Speak the Truth Softly
Lying should never be the answer, but unapologetically pointing fingers and criticizing them will only make the situation worse. Maybe this friend is known for causing drama and you would much prefer it if she weren’t in the wedding to prevent unnecessary stress. Maybe your budget only allows for a very small group of bridesmaids and you have non-negotiables like your sister(s) or SIL, or your fiancé isn't her biggest fan and would prefer if she weren't a part of the big day or in photos that will last a lifetime. While the reasoning can differ depending on your relationship, if she is a real friend, telling her the truth shouldn’t hurt the friendship in the long run. Be honest but do it with love and respect for her feelings. If she gets offended and hurt by you gently laying out the truth, maybe she wasn’t a good friend to begin with.
Acknowledge Her Feelings
Being a bridesmaid is a considerable honor, so when you’re told you won’t be in your friend’s wedding, it can definitely hurt. Put yourself in her shoes to gain some perspective. When you speak with her, convey a deep understanding of her feelings and disappointment at not being included. Explain that it has nothing to do with her (if it honestly doesn't) and everything to do with family and/or your limited bridesmaid positions. Express that your intentions aren’t to hurt her and that you aren’t picking favorites among your friends. Maybe you have just known your other female friends longer and are naturally closer to them. If being open, honest, and kind about the situation doesn’t resolve the issue, then that’s a reflection of her character, not yours.

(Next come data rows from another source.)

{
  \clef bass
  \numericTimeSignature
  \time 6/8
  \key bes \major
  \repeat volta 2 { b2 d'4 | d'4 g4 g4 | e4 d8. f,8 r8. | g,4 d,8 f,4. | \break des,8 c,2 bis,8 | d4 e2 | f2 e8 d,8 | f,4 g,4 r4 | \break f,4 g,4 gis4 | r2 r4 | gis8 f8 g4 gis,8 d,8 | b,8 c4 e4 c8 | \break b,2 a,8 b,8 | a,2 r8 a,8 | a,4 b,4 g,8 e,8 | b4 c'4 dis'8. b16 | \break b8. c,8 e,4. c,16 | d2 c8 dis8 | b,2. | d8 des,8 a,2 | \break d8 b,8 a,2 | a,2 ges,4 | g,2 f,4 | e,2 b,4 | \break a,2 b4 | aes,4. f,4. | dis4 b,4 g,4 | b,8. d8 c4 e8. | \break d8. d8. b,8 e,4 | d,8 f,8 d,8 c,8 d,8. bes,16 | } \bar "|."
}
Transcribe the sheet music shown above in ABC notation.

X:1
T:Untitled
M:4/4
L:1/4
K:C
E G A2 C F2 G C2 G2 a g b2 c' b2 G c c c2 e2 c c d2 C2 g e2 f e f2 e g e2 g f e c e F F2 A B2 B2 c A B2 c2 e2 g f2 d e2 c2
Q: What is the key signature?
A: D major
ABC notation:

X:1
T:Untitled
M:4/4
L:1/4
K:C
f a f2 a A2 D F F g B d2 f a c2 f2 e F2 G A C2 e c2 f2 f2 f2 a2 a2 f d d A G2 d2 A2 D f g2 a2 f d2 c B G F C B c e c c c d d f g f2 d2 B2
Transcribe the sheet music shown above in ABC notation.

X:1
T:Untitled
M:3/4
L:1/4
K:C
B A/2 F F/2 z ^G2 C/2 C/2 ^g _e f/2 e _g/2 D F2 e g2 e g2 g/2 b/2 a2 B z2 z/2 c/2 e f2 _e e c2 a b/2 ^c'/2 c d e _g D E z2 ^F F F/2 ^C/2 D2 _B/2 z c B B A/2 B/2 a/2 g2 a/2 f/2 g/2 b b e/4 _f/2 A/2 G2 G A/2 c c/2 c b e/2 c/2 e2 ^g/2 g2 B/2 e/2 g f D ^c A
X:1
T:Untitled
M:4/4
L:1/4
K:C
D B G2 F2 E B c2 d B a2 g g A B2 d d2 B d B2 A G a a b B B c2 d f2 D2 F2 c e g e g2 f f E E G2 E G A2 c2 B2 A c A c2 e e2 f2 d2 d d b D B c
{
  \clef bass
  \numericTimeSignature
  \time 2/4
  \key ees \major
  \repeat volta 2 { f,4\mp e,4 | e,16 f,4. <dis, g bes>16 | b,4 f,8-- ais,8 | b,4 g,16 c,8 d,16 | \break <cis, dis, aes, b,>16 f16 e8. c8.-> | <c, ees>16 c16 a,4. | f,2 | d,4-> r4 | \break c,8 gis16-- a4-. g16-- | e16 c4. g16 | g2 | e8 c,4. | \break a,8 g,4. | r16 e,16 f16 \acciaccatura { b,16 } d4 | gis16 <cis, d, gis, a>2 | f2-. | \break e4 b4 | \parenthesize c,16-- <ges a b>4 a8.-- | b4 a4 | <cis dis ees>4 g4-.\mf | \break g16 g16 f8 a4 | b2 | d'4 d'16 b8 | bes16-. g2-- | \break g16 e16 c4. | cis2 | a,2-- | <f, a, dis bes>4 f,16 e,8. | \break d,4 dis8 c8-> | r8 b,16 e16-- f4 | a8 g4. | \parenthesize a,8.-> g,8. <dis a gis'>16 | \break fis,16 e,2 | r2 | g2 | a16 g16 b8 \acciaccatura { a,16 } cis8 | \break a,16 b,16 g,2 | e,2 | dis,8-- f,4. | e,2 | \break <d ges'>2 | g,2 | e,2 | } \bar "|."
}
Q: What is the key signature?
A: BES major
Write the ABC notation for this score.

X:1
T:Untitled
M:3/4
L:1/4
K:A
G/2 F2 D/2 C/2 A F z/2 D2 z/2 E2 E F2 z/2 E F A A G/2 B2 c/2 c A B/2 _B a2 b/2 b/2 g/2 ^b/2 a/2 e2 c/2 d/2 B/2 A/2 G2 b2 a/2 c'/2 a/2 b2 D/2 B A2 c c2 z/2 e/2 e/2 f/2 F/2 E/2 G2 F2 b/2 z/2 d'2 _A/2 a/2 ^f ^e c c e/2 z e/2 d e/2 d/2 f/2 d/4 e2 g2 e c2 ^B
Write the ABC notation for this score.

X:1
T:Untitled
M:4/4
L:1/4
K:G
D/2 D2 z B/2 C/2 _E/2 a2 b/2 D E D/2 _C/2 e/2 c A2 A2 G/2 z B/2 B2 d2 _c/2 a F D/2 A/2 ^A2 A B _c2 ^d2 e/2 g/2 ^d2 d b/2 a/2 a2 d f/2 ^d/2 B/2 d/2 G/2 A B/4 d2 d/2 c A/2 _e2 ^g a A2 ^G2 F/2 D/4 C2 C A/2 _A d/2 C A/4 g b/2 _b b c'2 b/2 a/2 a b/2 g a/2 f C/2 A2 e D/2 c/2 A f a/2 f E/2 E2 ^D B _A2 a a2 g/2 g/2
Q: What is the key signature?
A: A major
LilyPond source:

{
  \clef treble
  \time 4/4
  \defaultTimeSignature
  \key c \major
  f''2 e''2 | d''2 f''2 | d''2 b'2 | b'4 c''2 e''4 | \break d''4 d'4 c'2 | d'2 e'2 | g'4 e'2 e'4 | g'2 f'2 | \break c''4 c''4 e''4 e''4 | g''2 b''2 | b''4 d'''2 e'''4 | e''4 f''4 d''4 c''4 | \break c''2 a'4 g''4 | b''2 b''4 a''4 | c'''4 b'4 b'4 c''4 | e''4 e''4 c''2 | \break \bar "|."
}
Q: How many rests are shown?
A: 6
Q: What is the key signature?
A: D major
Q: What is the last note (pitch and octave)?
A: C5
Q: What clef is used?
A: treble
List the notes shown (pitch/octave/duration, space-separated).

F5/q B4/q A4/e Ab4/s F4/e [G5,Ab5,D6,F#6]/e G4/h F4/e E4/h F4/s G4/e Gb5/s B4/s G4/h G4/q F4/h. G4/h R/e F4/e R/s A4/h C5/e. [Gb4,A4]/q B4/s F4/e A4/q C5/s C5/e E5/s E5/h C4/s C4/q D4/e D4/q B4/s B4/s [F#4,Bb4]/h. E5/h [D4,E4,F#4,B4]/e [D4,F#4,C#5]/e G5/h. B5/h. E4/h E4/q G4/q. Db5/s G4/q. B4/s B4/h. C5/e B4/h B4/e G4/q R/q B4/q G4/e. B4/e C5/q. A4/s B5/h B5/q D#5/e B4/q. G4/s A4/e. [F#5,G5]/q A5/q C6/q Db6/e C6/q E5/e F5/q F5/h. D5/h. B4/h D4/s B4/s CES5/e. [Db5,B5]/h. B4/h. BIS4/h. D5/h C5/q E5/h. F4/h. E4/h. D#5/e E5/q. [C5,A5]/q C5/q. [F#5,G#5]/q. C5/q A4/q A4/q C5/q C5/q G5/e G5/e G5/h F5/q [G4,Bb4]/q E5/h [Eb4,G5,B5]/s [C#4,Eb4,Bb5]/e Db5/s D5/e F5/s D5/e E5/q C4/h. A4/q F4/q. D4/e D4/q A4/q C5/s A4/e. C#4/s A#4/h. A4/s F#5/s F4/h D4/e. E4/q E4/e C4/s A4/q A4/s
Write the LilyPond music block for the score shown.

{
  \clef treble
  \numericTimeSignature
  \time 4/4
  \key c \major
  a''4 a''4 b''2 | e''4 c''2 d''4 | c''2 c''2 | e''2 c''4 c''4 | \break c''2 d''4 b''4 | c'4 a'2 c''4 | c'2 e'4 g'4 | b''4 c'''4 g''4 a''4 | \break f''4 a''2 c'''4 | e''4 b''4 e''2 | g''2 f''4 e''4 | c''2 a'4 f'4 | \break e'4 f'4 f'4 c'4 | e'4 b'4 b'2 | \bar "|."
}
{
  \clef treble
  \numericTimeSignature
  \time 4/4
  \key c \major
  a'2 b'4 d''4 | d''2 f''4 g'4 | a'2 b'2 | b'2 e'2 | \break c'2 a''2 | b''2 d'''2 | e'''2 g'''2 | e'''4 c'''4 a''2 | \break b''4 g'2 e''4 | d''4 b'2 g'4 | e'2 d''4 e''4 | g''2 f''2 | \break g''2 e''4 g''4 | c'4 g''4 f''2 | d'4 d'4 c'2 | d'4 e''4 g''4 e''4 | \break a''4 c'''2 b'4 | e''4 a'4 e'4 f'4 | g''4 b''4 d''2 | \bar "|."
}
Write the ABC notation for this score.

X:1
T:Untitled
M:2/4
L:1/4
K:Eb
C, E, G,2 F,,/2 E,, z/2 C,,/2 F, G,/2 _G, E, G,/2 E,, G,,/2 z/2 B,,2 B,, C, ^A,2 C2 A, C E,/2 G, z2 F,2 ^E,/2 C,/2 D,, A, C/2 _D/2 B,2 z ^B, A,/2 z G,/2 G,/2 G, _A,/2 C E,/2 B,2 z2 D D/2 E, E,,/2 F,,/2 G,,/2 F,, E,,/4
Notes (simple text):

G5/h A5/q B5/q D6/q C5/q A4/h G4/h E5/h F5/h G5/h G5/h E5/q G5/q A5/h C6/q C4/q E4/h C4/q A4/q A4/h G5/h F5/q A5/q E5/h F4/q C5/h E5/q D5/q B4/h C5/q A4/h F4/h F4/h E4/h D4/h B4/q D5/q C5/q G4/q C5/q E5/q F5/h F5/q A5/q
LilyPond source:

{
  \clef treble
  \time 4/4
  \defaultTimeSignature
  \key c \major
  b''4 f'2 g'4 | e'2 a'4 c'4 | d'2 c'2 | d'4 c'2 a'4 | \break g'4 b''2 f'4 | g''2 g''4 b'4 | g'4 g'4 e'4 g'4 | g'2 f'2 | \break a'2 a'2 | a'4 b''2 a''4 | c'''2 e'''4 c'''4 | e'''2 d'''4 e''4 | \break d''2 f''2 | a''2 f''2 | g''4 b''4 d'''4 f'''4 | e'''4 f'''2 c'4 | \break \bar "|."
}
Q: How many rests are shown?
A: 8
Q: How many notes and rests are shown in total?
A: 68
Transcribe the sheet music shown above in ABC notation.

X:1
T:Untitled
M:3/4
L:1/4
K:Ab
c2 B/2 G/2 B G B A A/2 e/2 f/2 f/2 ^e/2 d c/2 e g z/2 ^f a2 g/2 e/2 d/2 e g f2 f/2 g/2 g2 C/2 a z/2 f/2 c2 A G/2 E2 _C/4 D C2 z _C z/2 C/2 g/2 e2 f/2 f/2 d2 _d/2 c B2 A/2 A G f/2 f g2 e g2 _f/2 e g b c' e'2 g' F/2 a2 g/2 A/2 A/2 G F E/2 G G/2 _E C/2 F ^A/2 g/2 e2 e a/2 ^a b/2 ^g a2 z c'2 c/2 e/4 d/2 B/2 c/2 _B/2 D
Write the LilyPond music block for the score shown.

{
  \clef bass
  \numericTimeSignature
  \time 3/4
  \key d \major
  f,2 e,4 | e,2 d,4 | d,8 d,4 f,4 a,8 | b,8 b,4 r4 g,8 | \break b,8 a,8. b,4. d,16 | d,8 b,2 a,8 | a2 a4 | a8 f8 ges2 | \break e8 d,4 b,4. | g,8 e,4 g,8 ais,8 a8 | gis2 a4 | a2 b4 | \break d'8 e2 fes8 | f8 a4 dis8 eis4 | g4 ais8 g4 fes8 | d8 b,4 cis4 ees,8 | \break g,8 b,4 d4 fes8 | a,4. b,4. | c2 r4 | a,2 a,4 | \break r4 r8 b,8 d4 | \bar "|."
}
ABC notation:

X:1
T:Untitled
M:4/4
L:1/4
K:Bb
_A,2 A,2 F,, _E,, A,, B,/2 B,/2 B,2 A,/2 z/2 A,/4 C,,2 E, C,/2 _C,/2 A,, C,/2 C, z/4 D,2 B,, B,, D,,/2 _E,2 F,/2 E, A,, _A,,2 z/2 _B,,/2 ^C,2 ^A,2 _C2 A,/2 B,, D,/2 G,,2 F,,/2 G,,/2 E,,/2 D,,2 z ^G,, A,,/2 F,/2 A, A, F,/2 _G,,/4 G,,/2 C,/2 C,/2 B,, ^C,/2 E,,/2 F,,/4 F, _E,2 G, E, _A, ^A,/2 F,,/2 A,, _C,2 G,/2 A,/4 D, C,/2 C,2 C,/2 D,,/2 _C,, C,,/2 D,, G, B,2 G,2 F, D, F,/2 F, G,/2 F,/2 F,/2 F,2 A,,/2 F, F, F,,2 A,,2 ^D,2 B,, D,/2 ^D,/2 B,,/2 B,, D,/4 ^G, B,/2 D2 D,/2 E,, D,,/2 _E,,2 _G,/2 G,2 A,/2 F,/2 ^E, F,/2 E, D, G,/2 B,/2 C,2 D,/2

Involving her in the events and preparations can help smooth over any hard feelings.
Get Her Involved in Something Else
Just because she isn’t in the wedding party doesn’t mean she can’t participate in the wedding preparation. Invite her to your bachelorette party. This way she can still be part of the festivities. If you feel comfortable with it, ask her to get ready with you in the bridal suite alongside your bridesmaids. This way she still feels included, which can turn out to be a great bonding moment for you both.
Maybe she has excellent decorating skills or is an accomplished pianist? Ask her to play a song during the ceremony or request if she would help decorate the dining tables and put together flower arrangements. If she’s a pro-organizer, have her help you with wedding planning. A great deal goes into the wedding planning process and help is always appreciated. This will help ease any hard feelings your friend may possess.
Set Clear Boundaries
Creating boundaries is a crucial part of any relationship. This includes setting boundaries with your friends and the role they play in your life. Women often don’t want to come across as controlling, so they choose to be agreeable instead of sticking to what they want, even when it comes to their wedding. It’s not uncommon for the other women in the bride’s life (friends, sisters, mothers, etc.) to start making decisions without even asking for her opinion beforehand. This is an infringement on your role as the “bride to be.”
This is your wedding, and while you appreciate their opinions, you don’t need them to speak for you.
Respectfully but firmly state this is in fact your wedding and while you appreciate their opinions, you don’t need them to speak for you. This includes “friends” pressuring you to add them to your wedding party. Include them because you genuinely enjoy their friendship, not because you'll feel awkward or uncomfortable with telling them the truth.
Appreciate Her Friendship
Misunderstandings happen quite often, but they shouldn’t end a whole friendship, particularly a close one. Showing her appreciation should help smooth over any ill feelings. Tell her how much you love having her as your friend and bring up some fond memories you’ve shared together. Express how much those memories mean to you. Maybe make plans to spend time together after the wedding and honeymoon. This way she knows you haven’t forgotten about her. Friends often feel as if they will lose your friendship once you get married. Making plans to spend time together will prevent this from happening by consistently including them in your life.
Between figuring out where to host your wedding, when to hold the ceremony, who to send invites to, and who to include in your wedding party, being a bride can be stressful. Just remember, you have a whole army of people who love and support you through this exciting time in your life.
A real friend will be by your side through thick and thin. If some hurt feelings are what breaks apart your relationship, it was never a strong friendship to begin with. A small yet close group of friends is better than a group of chaotic friends who only spew drama. True friends will show you understanding and support. They should understand this isn’t about them, it’s about you and your husband's wedding. A true friend will be happy for you, bridesmaid or not.